Maddox Arts is delighted to announce the opening of Willard Boepple’s The Sense of Things, an exhibition uniting a broad selection of work by the celebrated, New York-based artist. By placing recent work alongside that of historical pieces the exhibition traces the artist’s trajectory over several decades, following the ebb and flow of his attentions and hopes to present a rounded picture of a career dedicated to the formation of an intuitive, visual language all of his own.

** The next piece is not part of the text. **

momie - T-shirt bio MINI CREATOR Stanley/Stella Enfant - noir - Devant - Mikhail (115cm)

At a first glance the viewer may be challenged to find commonality amongst the different modes and styles utilized by the artist but as Karen Wilkins observes in a recent monograph of the artist’s work published by Lund Humphries:

“The connection between thing and person— proves to be the conceptual thread that links this apparently omnivorous artist’s sources. What all of Boepple’s diverse stimuli have in common is that they are things used, manipulated, or inhabited in some way by human beings”

So we see it is a preoccupation with the anatomy of everyday objects that distinguishes the artist’s oeuvre. By recasting the form of such objects we are invited to reappraise their purpose and glimpse a beauty beyond their common functionality. The utilization of the materials and production methods more commonly associated with industry and design further reinforces our sense of ambiguity towards these objects, as the familiar is recast with a sense of mystery. As the artist himself remarks of his relationship with his artistic forbears:

“Abstract sculpture removed itself from the figure via the Minimalists…It was such an extreme step. By getting back to what the body uses, I can deal with the world we build around us—things like tables and chairs that are part of our visual vocabulary.”

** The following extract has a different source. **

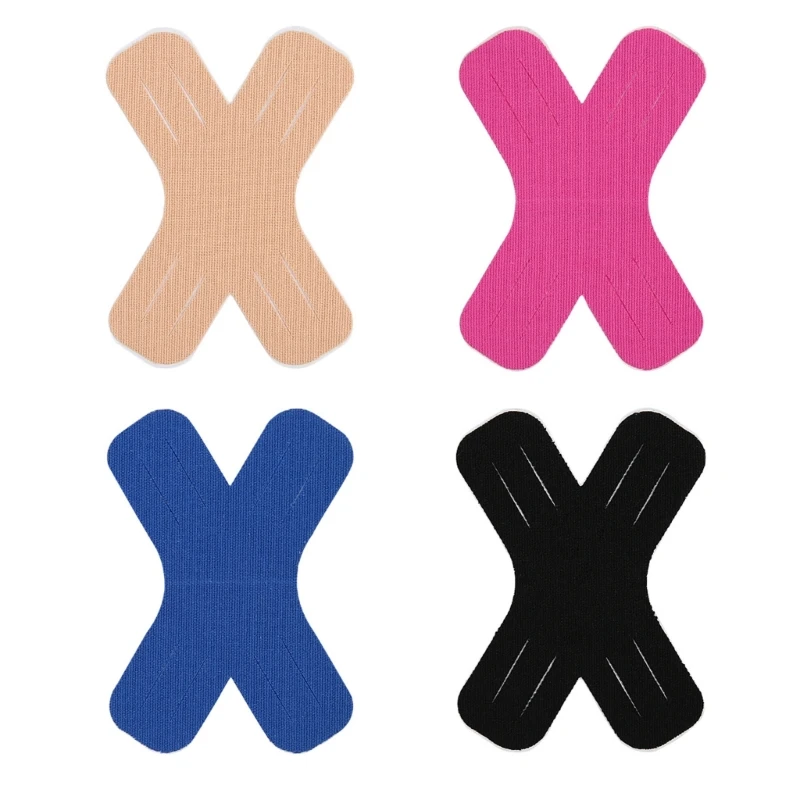 Напряженные мышечные ленты от болей в суставах перекрестная кинезиологическая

Together the exhibition offers a portrait of an artist, who has consistently found harmony in his surroundings, and who’s work offers us a vision of a world of sentient things who’s real value far outstrips their worldly necessity.

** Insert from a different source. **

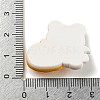 Halloween Theme Opaque Resin Decoden Cabochons RESI-E057-02I-3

Willard Boepple was born in Bennington, Vermont in 1945, and grew up in Berkeley, California. He studied at the Skowhegan School of Painting and Sculpture (1963), the University of California at Berkeley (1963-64), RISD (1967) and CUNY City College (1968). After teaching at Bennington College and the School of the Museum of Fine Arts in Boston, he returned to New York, where he has lived for over thirty years. He has exhibited widely here and abroad, at galleries including Acquavella, André Emmerich, Tricia Collins and Broadbent Gallery, London. His work belongs to such noted institutions as the Metropolitan Museum of Art, the Museum of Fine Arts, Boston, the Storm King Art Center and The Fitz William Museum in Cambridge, UK. Boepple served as chairman of the Triangle Artists’ Workshop for twenty years, an artist residency program that he helped replicate in Africa and the Caribbean.

The exhibition will coincide with the publication of The Sense of Things by Karen Wilkin printed by Lund Humpries with a forward by Michael Fried, copies of which will be available from the gallery.